• RAW DATA
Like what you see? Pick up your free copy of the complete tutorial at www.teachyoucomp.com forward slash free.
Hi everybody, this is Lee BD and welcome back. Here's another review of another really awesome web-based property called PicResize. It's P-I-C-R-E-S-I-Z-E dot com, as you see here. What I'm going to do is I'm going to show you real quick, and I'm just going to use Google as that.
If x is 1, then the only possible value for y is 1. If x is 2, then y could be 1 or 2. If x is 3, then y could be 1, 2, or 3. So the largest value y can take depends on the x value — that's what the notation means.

--

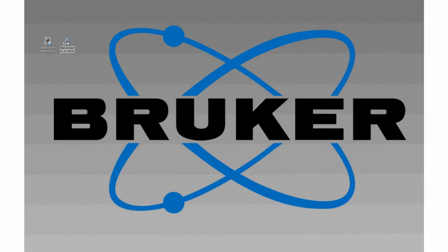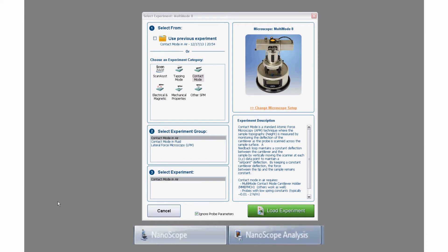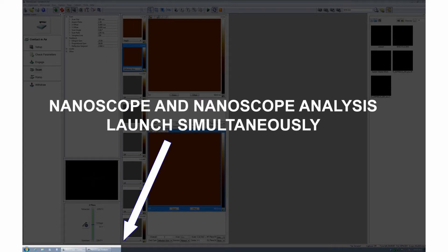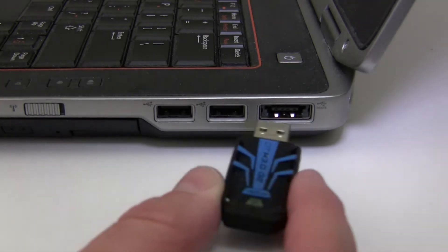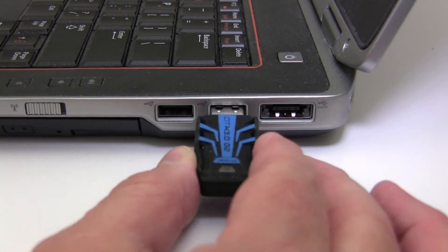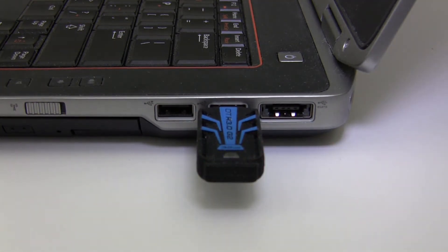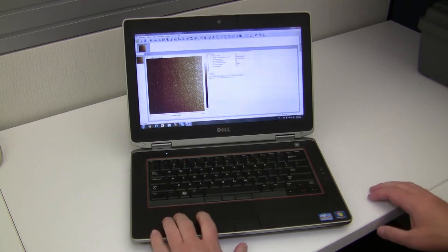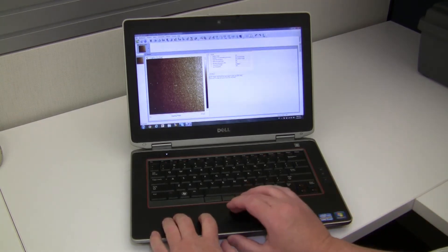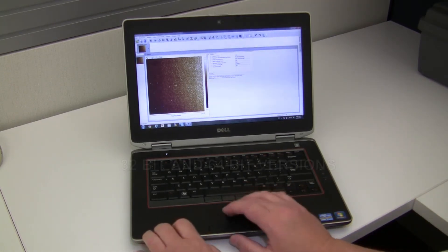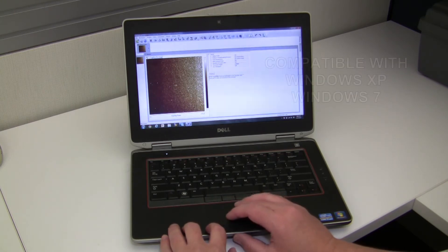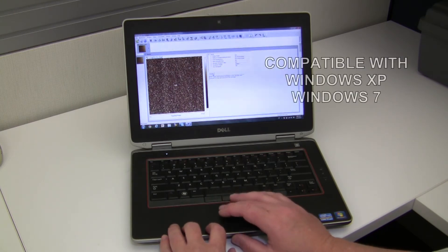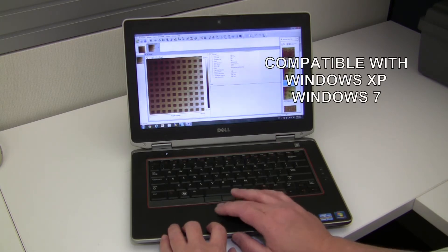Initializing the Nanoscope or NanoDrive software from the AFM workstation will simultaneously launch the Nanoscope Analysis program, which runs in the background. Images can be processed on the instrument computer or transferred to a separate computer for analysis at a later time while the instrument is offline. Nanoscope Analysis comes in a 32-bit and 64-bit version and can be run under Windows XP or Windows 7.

==

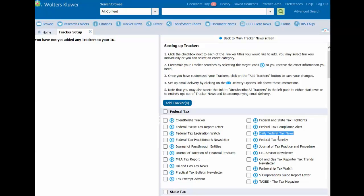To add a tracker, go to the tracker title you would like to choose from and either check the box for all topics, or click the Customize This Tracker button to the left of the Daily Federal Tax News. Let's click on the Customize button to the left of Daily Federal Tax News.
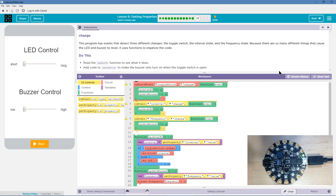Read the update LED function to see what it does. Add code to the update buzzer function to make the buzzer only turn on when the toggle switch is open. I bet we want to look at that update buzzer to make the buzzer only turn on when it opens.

• ACTIVITY
Using only the listing above, restate exactly the lines from the line containing "Like what you" through the line containing "If x is 1, then", both included.

• RESULT OF THIS EXERCISE
Like what you see? Pick up your free copy of the complete tutorial at www.teachyoucomp.com forward slash free.
Hi everybody, this is Lee BD and welcome back. Here's another review of another really awesome web-based property called PicResize. It's P-I-C-R-E-S-I-Z-E dot com, as you see here. What I'm going to do is I'm going to show you real quick, and I'm just going to use Google as that.
If x is 1, then the only possible value for y is 1. If x is 2, then y could be 1 or 2. If x is 3, then y could be 1, 2, or 3. So the largest value y can take depends on the x value — that's what the notation means.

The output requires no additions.